__DATASET CONTENT__.

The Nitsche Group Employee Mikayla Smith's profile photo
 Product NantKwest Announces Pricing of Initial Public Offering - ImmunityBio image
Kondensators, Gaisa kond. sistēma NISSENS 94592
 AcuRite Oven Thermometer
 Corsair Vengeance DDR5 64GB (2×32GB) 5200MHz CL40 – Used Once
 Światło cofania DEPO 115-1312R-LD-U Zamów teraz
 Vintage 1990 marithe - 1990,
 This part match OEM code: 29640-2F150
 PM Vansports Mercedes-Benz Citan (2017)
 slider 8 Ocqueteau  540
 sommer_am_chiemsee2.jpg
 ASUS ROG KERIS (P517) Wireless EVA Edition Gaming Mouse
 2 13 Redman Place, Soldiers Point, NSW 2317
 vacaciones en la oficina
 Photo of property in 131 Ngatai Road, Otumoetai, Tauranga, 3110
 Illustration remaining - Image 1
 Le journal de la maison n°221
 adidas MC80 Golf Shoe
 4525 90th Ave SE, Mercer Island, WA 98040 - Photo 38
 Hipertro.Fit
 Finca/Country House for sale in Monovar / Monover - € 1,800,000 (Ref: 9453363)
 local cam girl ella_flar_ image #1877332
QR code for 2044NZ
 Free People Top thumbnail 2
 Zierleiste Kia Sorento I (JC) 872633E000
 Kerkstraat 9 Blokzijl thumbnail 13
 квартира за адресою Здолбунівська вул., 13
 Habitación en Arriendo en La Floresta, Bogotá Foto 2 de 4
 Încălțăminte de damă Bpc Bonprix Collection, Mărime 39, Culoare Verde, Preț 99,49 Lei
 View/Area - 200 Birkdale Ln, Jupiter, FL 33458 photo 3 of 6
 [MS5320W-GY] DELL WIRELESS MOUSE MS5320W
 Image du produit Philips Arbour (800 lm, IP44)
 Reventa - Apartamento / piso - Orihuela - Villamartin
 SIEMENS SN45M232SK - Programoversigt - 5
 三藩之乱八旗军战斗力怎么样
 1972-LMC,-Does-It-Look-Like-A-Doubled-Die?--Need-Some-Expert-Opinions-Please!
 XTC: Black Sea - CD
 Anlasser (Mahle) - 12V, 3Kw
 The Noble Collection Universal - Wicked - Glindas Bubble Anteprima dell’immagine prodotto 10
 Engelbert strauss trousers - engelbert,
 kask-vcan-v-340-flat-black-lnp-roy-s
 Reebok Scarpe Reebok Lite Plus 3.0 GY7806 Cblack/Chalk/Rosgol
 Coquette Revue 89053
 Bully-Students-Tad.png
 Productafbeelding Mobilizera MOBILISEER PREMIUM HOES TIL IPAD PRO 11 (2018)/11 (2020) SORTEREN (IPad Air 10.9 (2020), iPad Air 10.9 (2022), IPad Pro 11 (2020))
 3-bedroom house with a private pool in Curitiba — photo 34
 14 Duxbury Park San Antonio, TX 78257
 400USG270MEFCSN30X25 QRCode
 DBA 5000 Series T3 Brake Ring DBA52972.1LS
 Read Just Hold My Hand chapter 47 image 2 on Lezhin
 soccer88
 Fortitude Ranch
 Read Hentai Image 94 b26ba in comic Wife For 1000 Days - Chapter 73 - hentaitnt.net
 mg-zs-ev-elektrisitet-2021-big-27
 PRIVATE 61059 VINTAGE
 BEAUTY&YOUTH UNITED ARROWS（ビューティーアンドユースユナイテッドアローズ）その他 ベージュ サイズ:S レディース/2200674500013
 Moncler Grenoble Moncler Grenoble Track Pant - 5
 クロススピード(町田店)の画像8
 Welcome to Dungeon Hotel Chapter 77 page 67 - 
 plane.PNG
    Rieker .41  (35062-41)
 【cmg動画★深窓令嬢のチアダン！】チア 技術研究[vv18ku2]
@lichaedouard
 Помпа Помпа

__PROBLEM STATEMENT__. With the line holding "Habitación en Arriendo" as the first and the line holding "Bully-Students-Tad.png" as the last, please transcribe exactly the lines of the material above in that range and nothing else.

__RESULT__.
 Habitación en Arriendo en La Floresta, Bogotá Foto 2 de 4
 Încălțăminte de damă Bpc Bonprix Collection, Mărime 39, Culoare Verde, Preț 99,49 Lei
 View/Area - 200 Birkdale Ln, Jupiter, FL 33458 photo 3 of 6
 [MS5320W-GY] DELL WIRELESS MOUSE MS5320W
 Image du produit Philips Arbour (800 lm, IP44)
 Reventa - Apartamento / piso - Orihuela - Villamartin
 SIEMENS SN45M232SK - Programoversigt - 5
 三藩之乱八旗军战斗力怎么样
 1972-LMC,-Does-It-Look-Like-A-Doubled-Die?--Need-Some-Expert-Opinions-Please!
 XTC: Black Sea - CD
 Anlasser (Mahle) - 12V, 3Kw
 The Noble Collection Universal - Wicked - Glindas Bubble Anteprima dell’immagine prodotto 10
 Engelbert strauss trousers - engelbert,
 kask-vcan-v-340-flat-black-lnp-roy-s
 Reebok Scarpe Reebok Lite Plus 3.0 GY7806 Cblack/Chalk/Rosgol
 Coquette Revue 89053
 Bully-Students-Tad.png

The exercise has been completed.